Short text fragments from websites
____

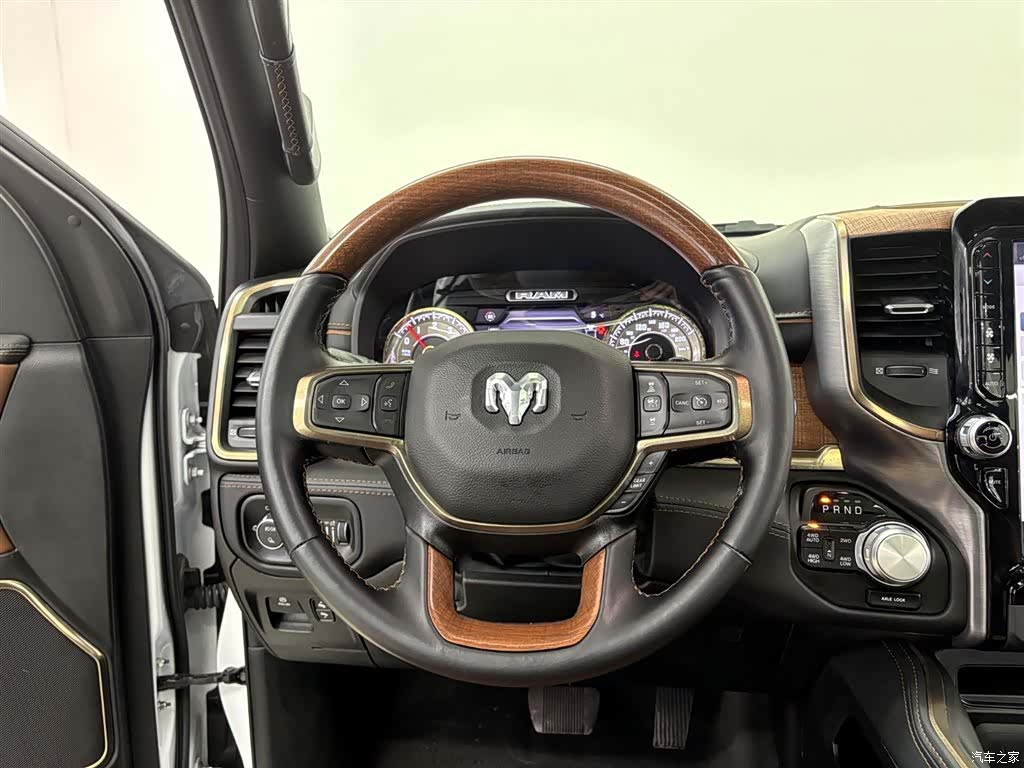 RAM Trucks, 2024 16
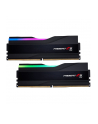 g.skill Pamięć PC - DDR5  96GB (2x48GB) Trident Z5 RGB 6800MHz CL34 XMP Black - nr 5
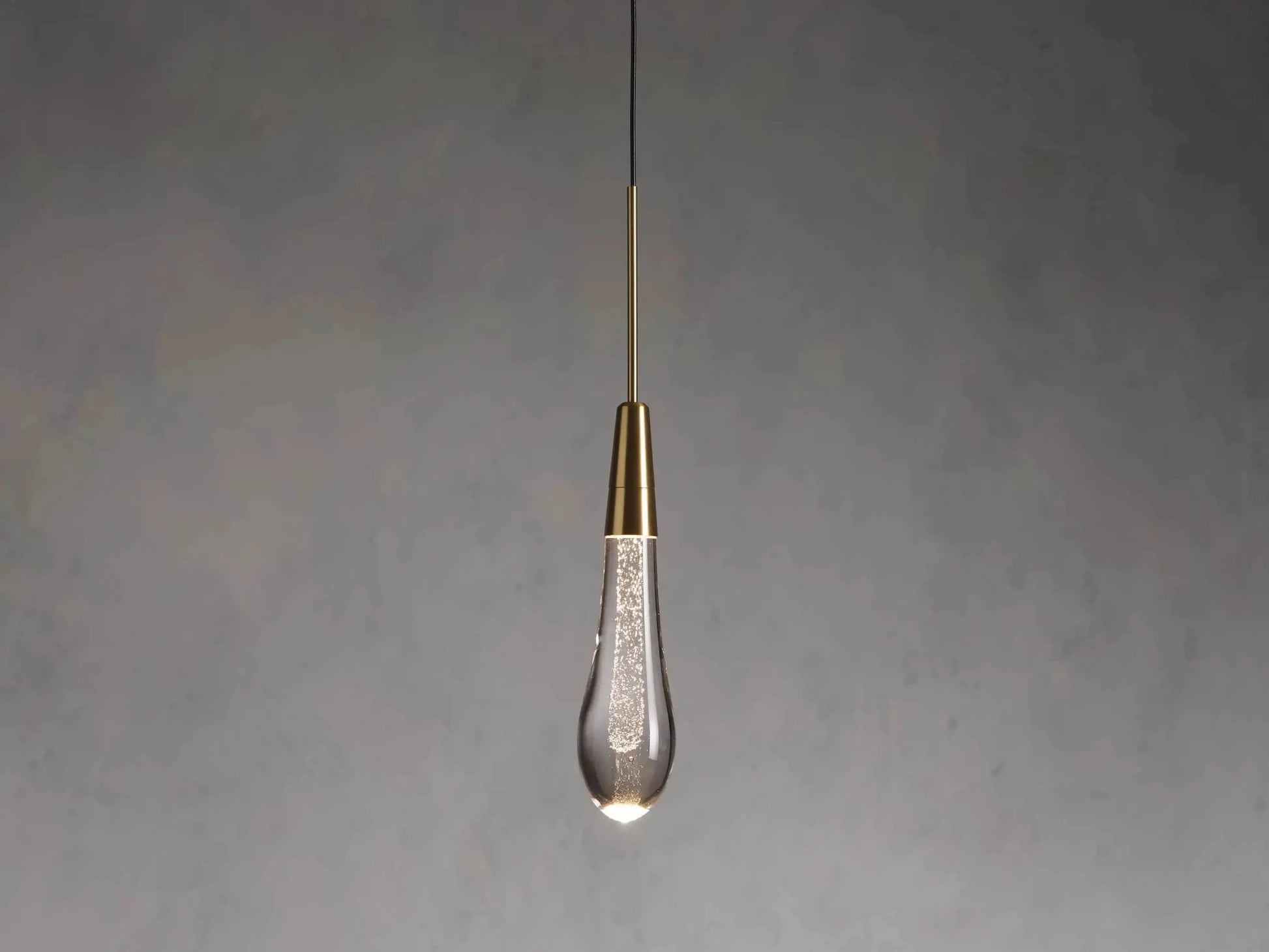 Solitaire Single Light /3-light Pendant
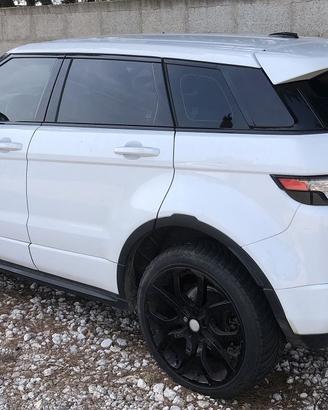 RICAMBI Range Rover Evoque 2.2 110kW 224DT 2014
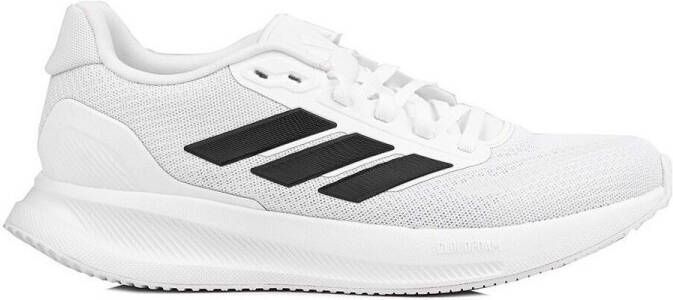 Adidas Performance Runfalcon 5 Hardloopschoenen Dames Wit - Foto 5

____

- _TASK INSTRUCTIONS_: When you write out the data, keep every line exact and drop the pictures.

- _RESPONSE BELOW_:
 RAM Trucks, 2024 16
 g.skill Pamięć PC - DDR5  96GB (2x48GB) Trident Z5 RGB 6800MHz CL34 XMP Black - nr 5
 Solitaire Single Light /3-light Pendant
 RICAMBI Range Rover Evoque 2.2 110kW 224DT 2014
 Adidas Performance Runfalcon 5 Hardloopschoenen Dames Wit - Foto 5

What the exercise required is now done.